All the guidebooks about Sicily devote at least a paragraph to
Catania’s pescheria, or fish market, which lies just around the corner from the Duomo. It’s an awesome experience, that’s for sure,
to enter so suddenly such a dark and unusual place, for underneath the dank railway
arches and stripy canopies is a world absolutely teeming with activity. If you want to bag a denison of the deep, this must be one of the greatest places to do
it, for caught straight off the Catanian coast is every type of edible sea
creature, from baskets of crabs to huge swordfish, sliced thickly and to
order. The market also offers fantastic
displays of fruit and vegetables, as well as cups of snails (apparently a
popular dish in Sicily.) Surely the
busiest part of the city, locals and tourists alike mingle in the narrows, haggling
with stallholders, and jostling to make way for the frequent scooters and
motorbikes that slip, wasp-like, through the crowds. An intense, real, unsanitised life pervades
here, and I think the pescheria may be the best embodiment of the city.
Catania's fish market |
If you’re able to escape the fish market (and we do, albeit
with a punnet of unfortunately sour nectarines), you could almost walk straight
in to Castello Ursino. The fortification
was built in the 1200s as a royal castle of Emperor Frederick II, the King of
Sicily, to show the population who was boss, and during the devastating
earthquake of 1693, the castle was one of the few buildings to remain standing. Its position is somewhat unusual, being the centrepiece
of a fairly attractive piazza, but this does not tell the whole story. Castello Ursino once looked out over a cliff
onto the sea, but following a series of volcanic eruptions and earthquakes, it
now sits nearly a mile inland. Inside,
the dark museum gives a hint at a once-miserable lifestyle, the prison /
torture tower a particular low point.
Catania is actually a very interesting city, if you pick-and-choose
your areas, and the United Nations agree – the city centre makes up part of the
UNESCO World Heritage Site known as Late
Baroque Towns of the Val di Noto (essentially a collection of Baroque town
centres across the Southeast corner of the island.) To see the whole city centre on foot in a day is just about
possible, but to get a better overview (and because we are both
dead-on-our-feet) we hunt down a rather touristy alternative and climb aboard
the bright red sight-seeing road train which, for five euros, gives you a
45-minute overview of the city. It’s
also an exhilarating way to experience Catanian traffic at its best – that is,
lawless – and it soon becomes apparent that the horn on Sicilian models are
attached simultaneously to both accelerator and brake. I find Sicilian drivers curious – they drive
too fast, they don’t indicate, they beep incessantly, but there’s never any
trace of anger, aggression or urgency in their faces.

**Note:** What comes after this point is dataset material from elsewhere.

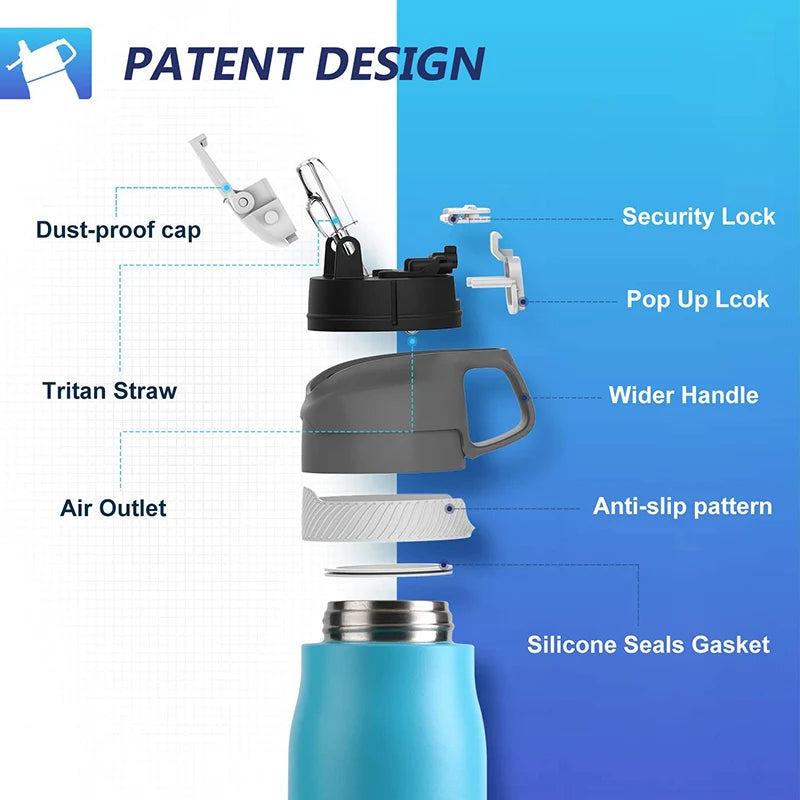 Gourde thermos - YUOI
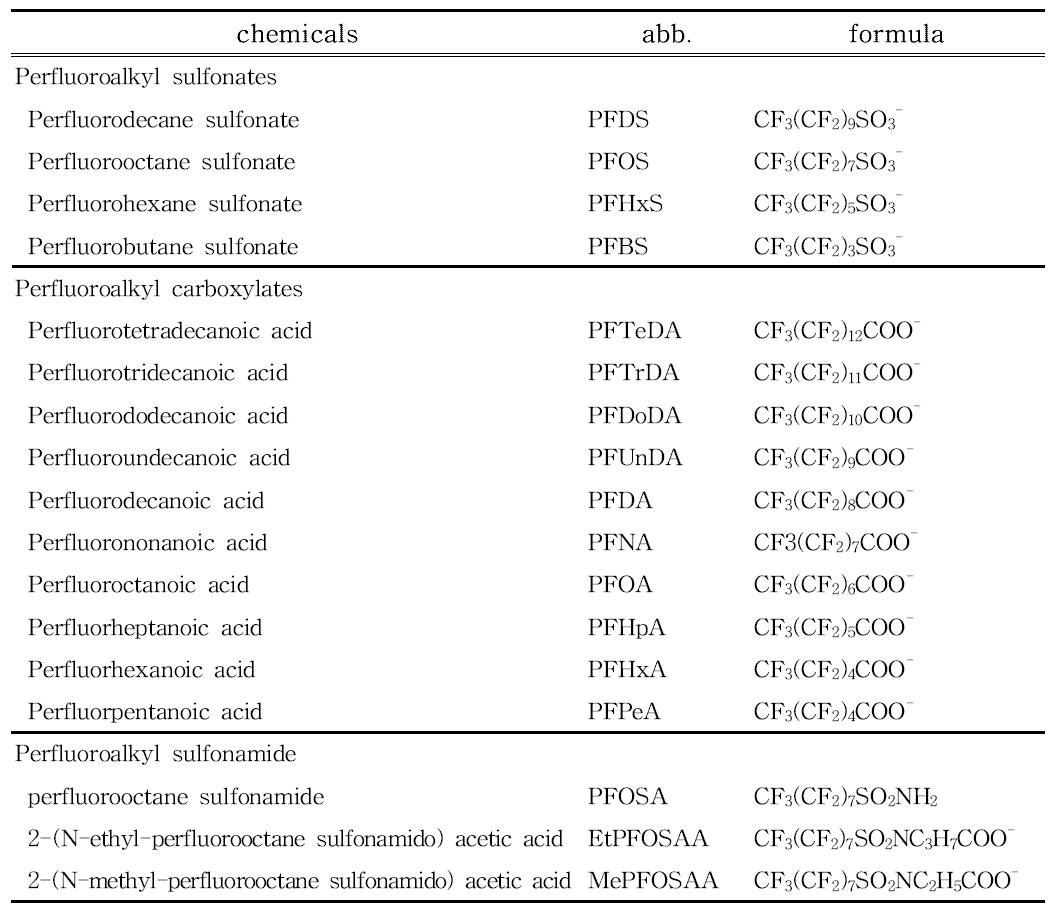 Target chemicals of 17 perfluorinated compounds selected in this study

In fact, far more people stop to let you
cross a road here than would ever do in London, Birmingham or Bristol. The roads of Catania are chaotic –
frighteningly so – but it tends to work in a way it wouldn’t back home, because
Catanians drive with a lackadaisical, give-a-shrug attitude that this part of
the world is renowned for. It’s that
same attitude which ensures the busses never run on time, trains simply don’t
turn up, and street signs are unreliable, but if you can shift your mind-set to
their way of thinking, you’d fit in quite nicely. There’s only one small problem with that – I can’t.
Back in the evening, we take it easy on the hotel’s roof terrace,
commanding views over the surrounding roof tops. The roof terrace is a great place to be – we have
all the sounds of the city, a beautiful view looking as far as the coast, but
nobody in Catania has any idea we are here.
Up above, swifts are amassed here in their hundreds, their calls
filling the air all evening long, giving us a free show of nature in the very
centre of this black old city, whilst in the distance, tomorrow’s destination
reminds us, with a pale waft of smoke, who’s really in charge around here.
It's funny that you should mention Italian drivers as the very same subject cropped up in a piece of English non fiction text that I was doing, recently! Sounds like a 'bundle of fun' on the roads there!!